A new generation of resistive plate chambers, capable of withstanding high particle fluxes (up to $\rm 2000~Hz \cdot cm^{-2}$) and instrumented with precise timing readout electronics is proposed to equip two of the four high pseudorapidity stations of the CMS muon system. Double-gap RPC detectors, with each gap made of two $\rm 1.4~mm$ High Pressure Laminate electrodes and separated by a gas gap of the same thickness, are proposed. The new scheme reduces the amount of the avalanche charge produced by the passage of a charged particle through the detector. This improves the RPC rate capability by reducing the needed time to collect this charge.
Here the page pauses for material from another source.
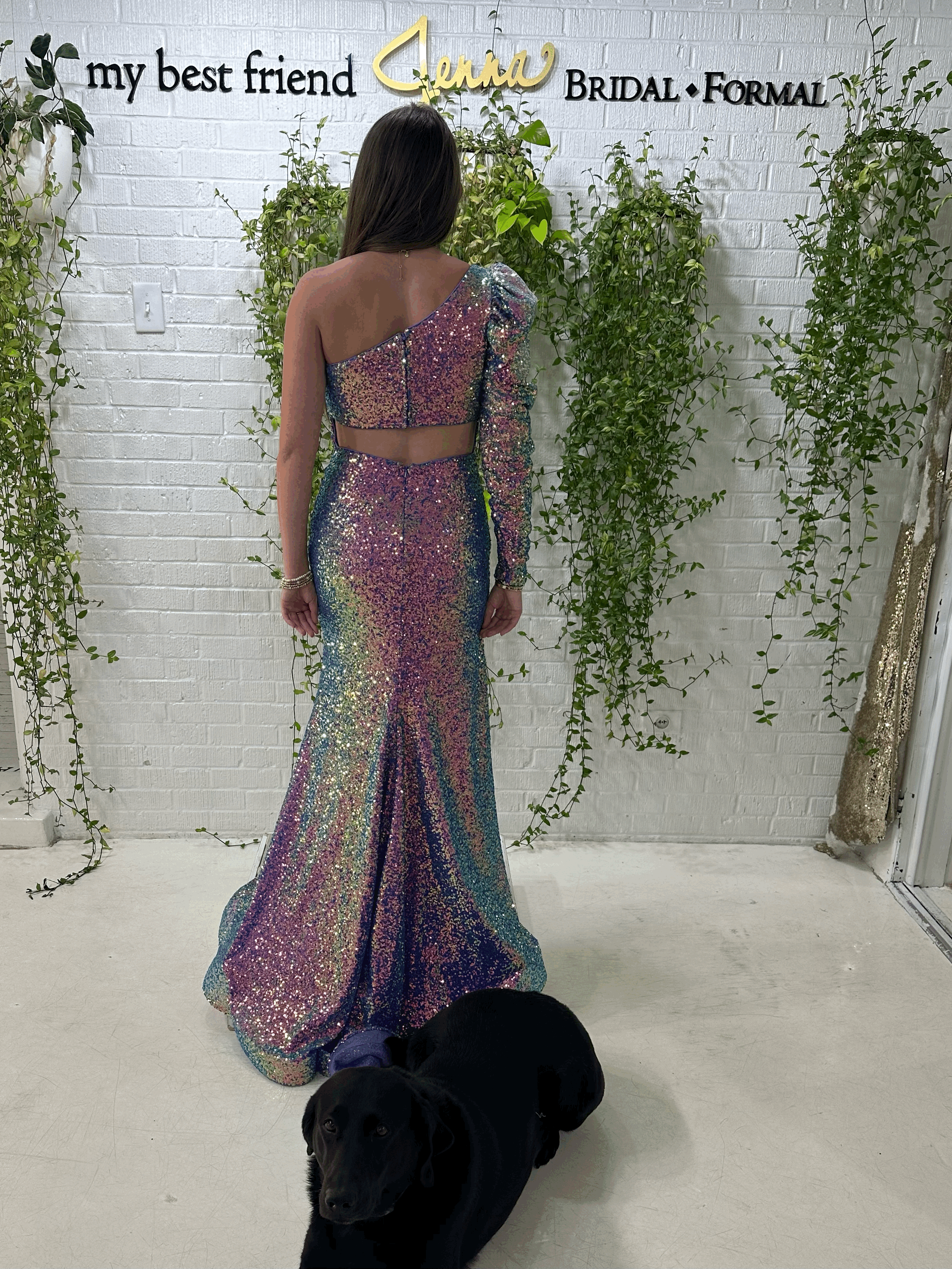 Rachel Allan purple dress available at My Best Friend Jenna in Jackson, TN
To keep the RPC efficiency high, a sensitive, low-noise and high time resolution front-end electronics is needed to cope with the lower charge signal of the new RPC. An ASIC called PETIROC that has all these characteristics has been selected to read out the stripes of new chambers. A thin ($\rm 0.6~mm$) printed circuit board, $\rm 160~cm$ long, equipped with pickup strips of $\rm 0.75~cm$ average pitch, will be inserted between the two new RPC's gaps. The strips will be read out from both ends, and the arrival time difference of the two ends will be used to determine the hit position along the strip. Results from the improved RPC equipped with the new readout system and exposed to muon beams in the high irradiation environment at the CERN GIF++ facility are presented for two versions of front-end electronics in this work.